(Saved data entries)

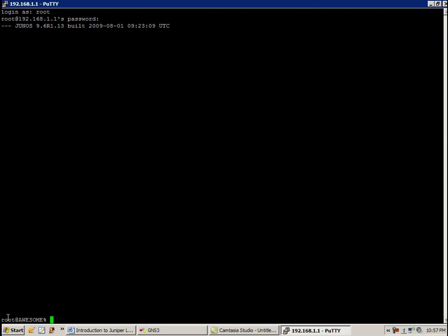So right off the bat, we see that we are prompted, our command prompt shows the root at awesome. So again, this awesome is the name of the router. I just put that in there.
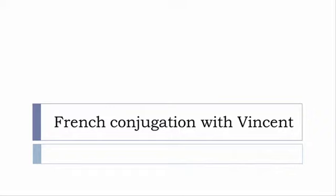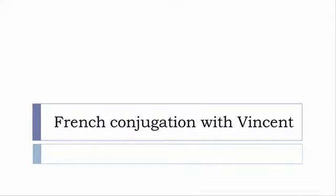Bonjour à tous and welcome to French Conjugation with Vincent. I've decided to make this new series of videos in which I will present you the conjugation of one verb at a specific tense, and I won't actually pronounce the forms, just for you to be able to focus on the way we will write these forms. Okay, so let's start now.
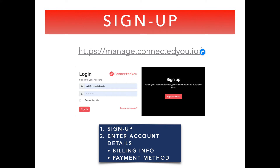Step one: sign up. Nothing special, pretty typical — straightforward telecom account creation with the company details and the selected payment method.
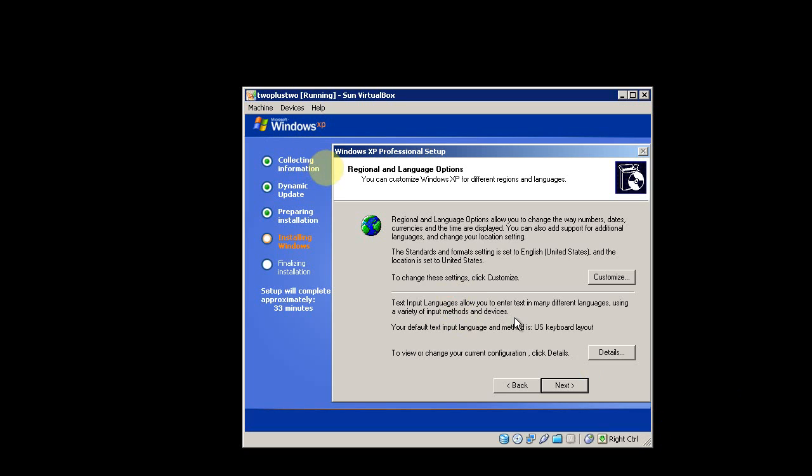This is the first screen that you come to. It's the regional setup, so English and U.S. keyboard is fine.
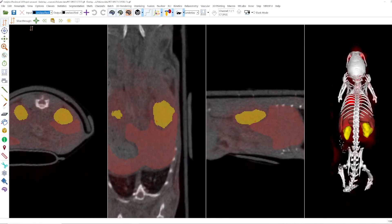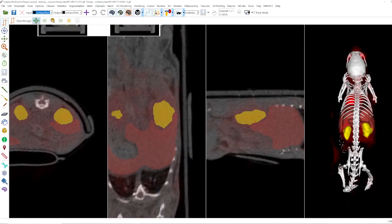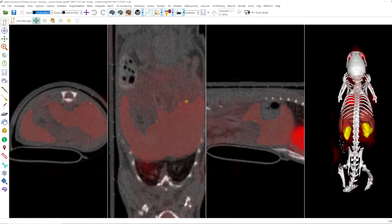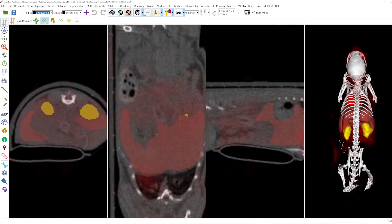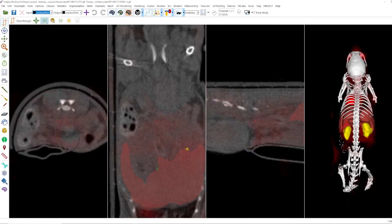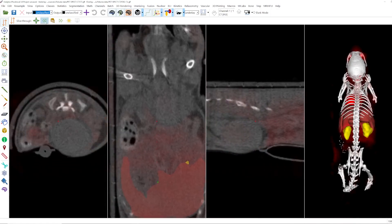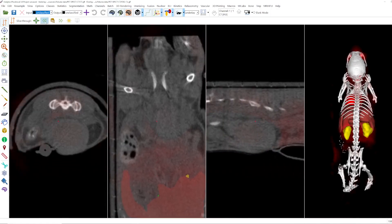With this button here you can go to the center of the sample — for example here to the liver — and with this you jump 10 slices down along the axial slice view. Of course all the other slices are also moving.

*What you have to do*.
All lines above between the line that contains "Step one: sign" and the last line of the entries, both included, must be transcribed exactly. No pictures are to appear.

*Your solution*.
Step one: sign up. Nothing special, pretty typical — straightforward telecom account creation with the company details and the selected payment method.
This is the first screen that you come to. It's the regional setup, so English and U.S. keyboard is fine.
With this button here you can go to the center of the sample — for example here to the liver — and with this you jump 10 slices down along the axial slice view. Of course all the other slices are also moving.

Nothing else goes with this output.